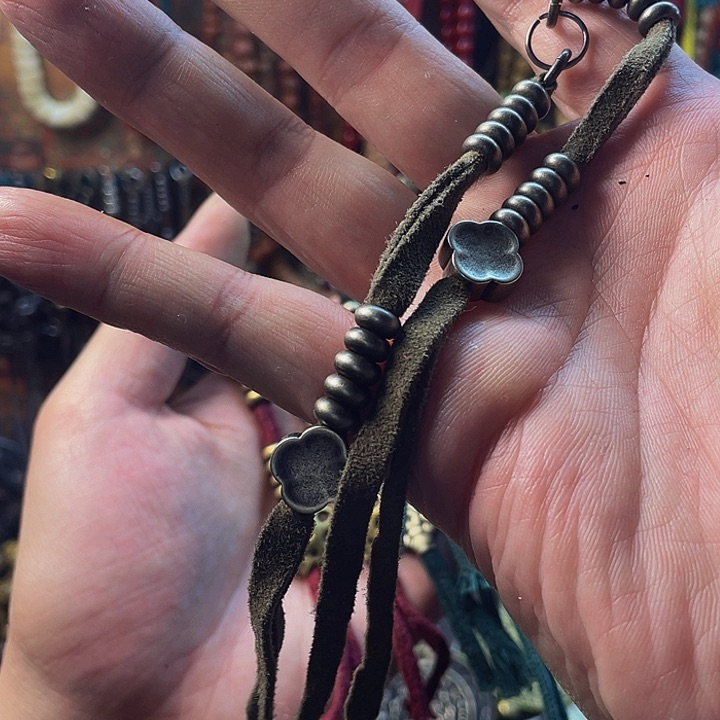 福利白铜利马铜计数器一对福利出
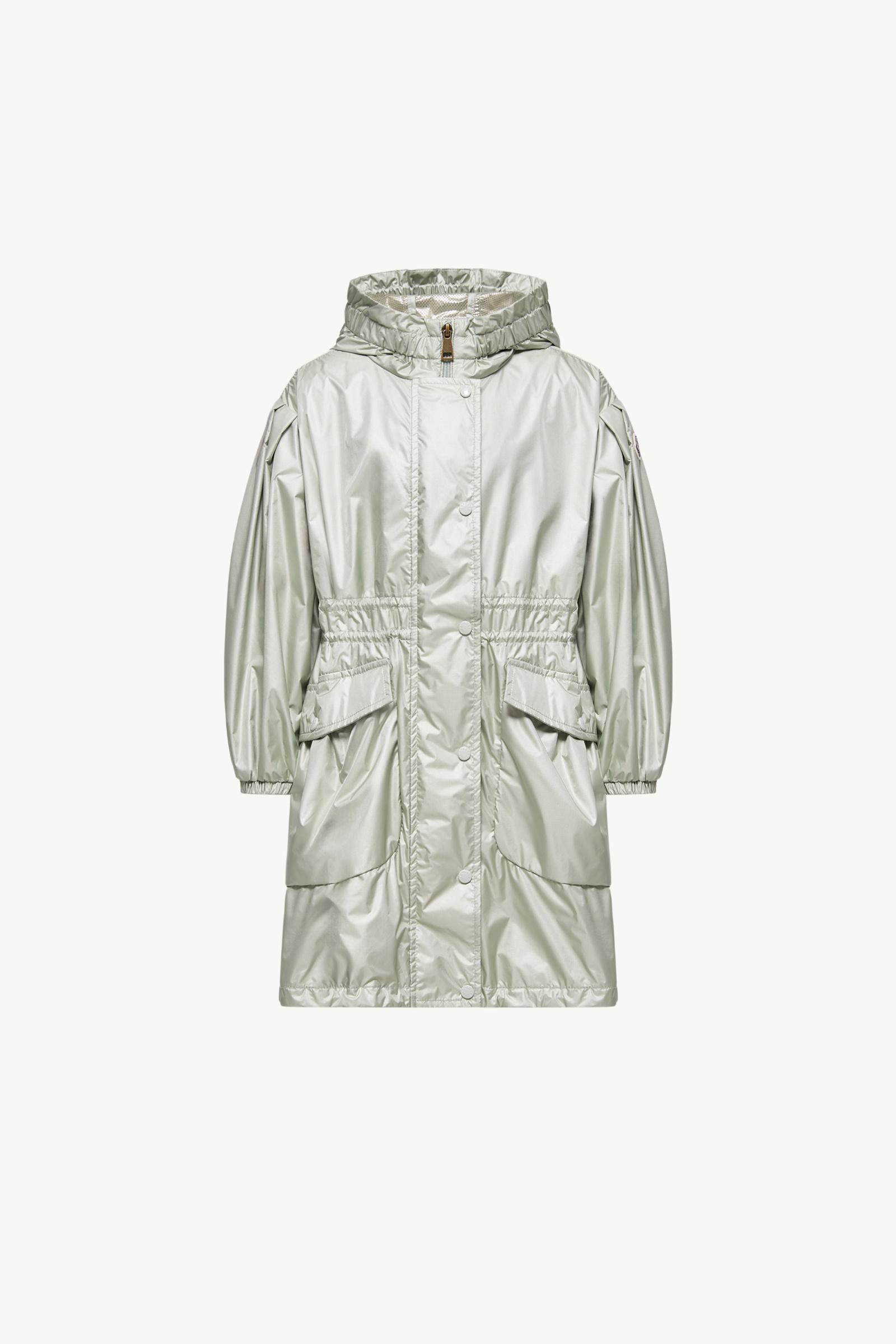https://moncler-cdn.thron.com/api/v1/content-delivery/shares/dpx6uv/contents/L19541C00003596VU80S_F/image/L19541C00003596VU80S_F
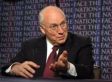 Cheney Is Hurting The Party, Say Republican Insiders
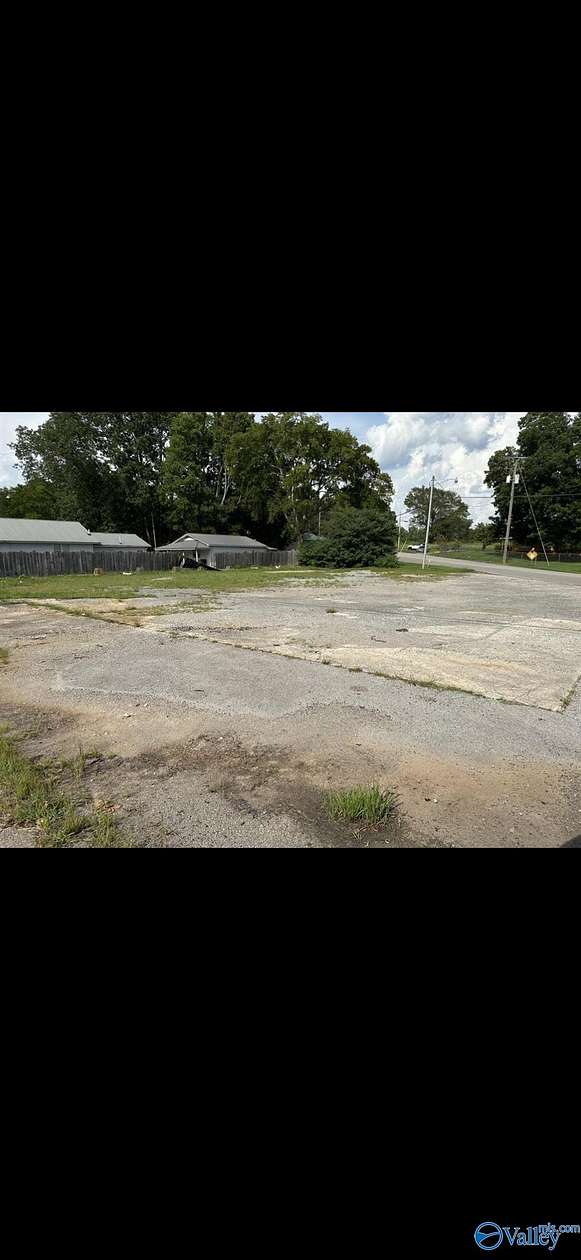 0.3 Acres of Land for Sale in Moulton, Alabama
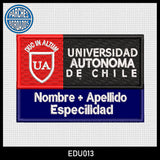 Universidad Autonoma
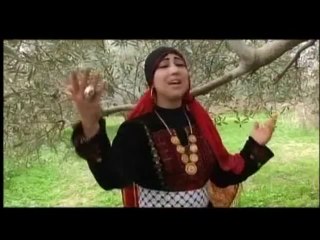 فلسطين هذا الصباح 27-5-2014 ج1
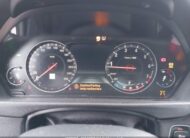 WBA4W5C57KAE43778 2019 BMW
# # # # # # #
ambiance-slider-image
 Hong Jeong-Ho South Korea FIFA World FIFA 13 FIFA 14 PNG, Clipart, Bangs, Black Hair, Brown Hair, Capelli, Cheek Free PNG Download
# # # # # # #
[How to complete this task] Within the listing above, the stretch from the line with "福利白铜利马铜计数器一对福利出" down to the line with "WBA4W5C57KAE43778 2019 BMW" is to be given again exactly, end lines included and pictures excluded.

[Your solution]
 福利白铜利马铜计数器一对福利出
https://moncler-cdn.thron.com/api/v1/content-delivery/shares/dpx6uv/contents/L19541C00003596VU80S_F/image/L19541C00003596VU80S_F
 Cheney Is Hurting The Party, Say Republican Insiders
 0.3 Acres of Land for Sale in Moulton, Alabama
 Universidad Autonoma
 فلسطين هذا الصباح 27-5-2014 ج1
 WBA4W5C57KAE43778 2019 BMW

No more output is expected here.